This article appeared in The Baley Pulpit,TLS#7/Summer 1994.
“May we look upon our Treasures, and the furniture of our Houses, and the Garments in which we array ourselves, and try whether the seeds of war have any nourishment in these possessions, or not.”
– from the Journal of John Woolman an 18th Century Quaker
“Build our house out of straw?” When our neighbor suggested the idea as a solution to our housing problem, both my wife, Nena, and I reacted similarly. “You must be kidding!” Even when he showed us a copy of Fine Homebuilding with an article in it by Gary Strang (1985) on a studio built out of straw bales, we were dubious. It was just too weird (images of rotting hay, mouse hotels, and pig stories readily came to mind). The idea was too simple and straightforward to be believed.
Try as we might, however, we kept returning to the idea of it. It did seem to fit our condition: Using straw bales was 1) low cost…we were near broke, having used the last of our meager savings to buy a small piece of land; 2) a way to stay cool (and warm)…having just moved to southwest New Mexico from Alaska, I was scared to death of the heat; 3) fast and physically easy to build…I just couldn’t face the slow, heavy work of adobe; and 4) ecologically sound…besides being energy efficient, a straw-bale building uses a renewable resource (often viewed as a waste product) that was locally available. Done right, building with straw uses very few trees.
In the end, we decided to go for it. Seven years later, we have no regrets. Just the opposite. We didn’t know it at the time, we were not the only ones interested. Through Strang’s article and newly formed friendships with Susan Mullen, a permaculturist and close neighbor, and an enthusiastic Matts Myhrman in Arizona, we learned of a small but dedicated network of straw-bale aficionados. Nor were any of us particularly innovative. The true trailblazers of straw were the folks from the Sandhills of Nebraska who, out of necessity, started a tradition of building their homes out of native hay and straw beginning back in the late 1800s and continuing up through the early 1940s.
The work of the Nebraska homesteaders remains the key. It took a fact-finding journey to Nebraska in 1989 by Matts and Judy Knox, his wife, to finally convince us that we, like most of those early Nebraskan straw-bale builders, could further simplify our technologies by using straw bales as load-bearing walls without the time and expense of poles or posts. We modern practitioners of straw have come to call it building “Nebraska style.”
It is this style of building that has captivated my imagination and been the thrust of our most recent building endeavors. Much good work needs to be done to revitalize the straw-bale building tradition and get it accepted into common practice. Tackling the building codes is part of that work along with trying (and sharing through The Last Straw) new and innovative techniques. I have no doubt in my mind that sooner, rather than later, this Earth will demand it of us.
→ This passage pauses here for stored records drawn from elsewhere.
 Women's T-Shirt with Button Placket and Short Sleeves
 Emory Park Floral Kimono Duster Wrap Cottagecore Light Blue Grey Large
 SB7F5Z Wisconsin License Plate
Nena in front of the MacDonald’s straw-bale home.
Meanwhile, here are some of this straw-bale builder’s rules of thumb.
I. Keep it small. How much space do you really need? Be honest. Be creative with your space. Small is easy to heat and keep cool. It’s easier to keep clean. It takes up fewer of the earth’s resources and takes up less of its space. You finish the job, at a lower cost, so you can devote money and energy to more useful work. If your teenagers need distance, have them build their own outbuilding or addition. They need to learn the skills, anyway.
2. Keep it simple. Control your impulses to make your house a complicated, “artsy” statement. Simple, small and rectangular houses are beautiful when made of straw and other natural materials. Let form follow function. Again, spend all the time and money you saved by being – out in the woods, feeding the poor, or playing with your children.
3. Build it yourself. Trust yourself. You can do it, especially if you build with straw…and especially if you follow rules 1 and 2. Read building books and magazines.
Ask questions of builders. Build it on paper and as a model first. Track the details. Use your common sense. Be creative with your mistakes. Don’t be intimidated by the “experts.”
4. Stay out of debt. Pay as you go. Assemble the parts as you have the money and time.
5. Use local materials. Use more rock and adobe. Use locally milled lumber and poles. Your neighbor needs the work and you need to know firsthand what demands you’re asking of the forests and the fields.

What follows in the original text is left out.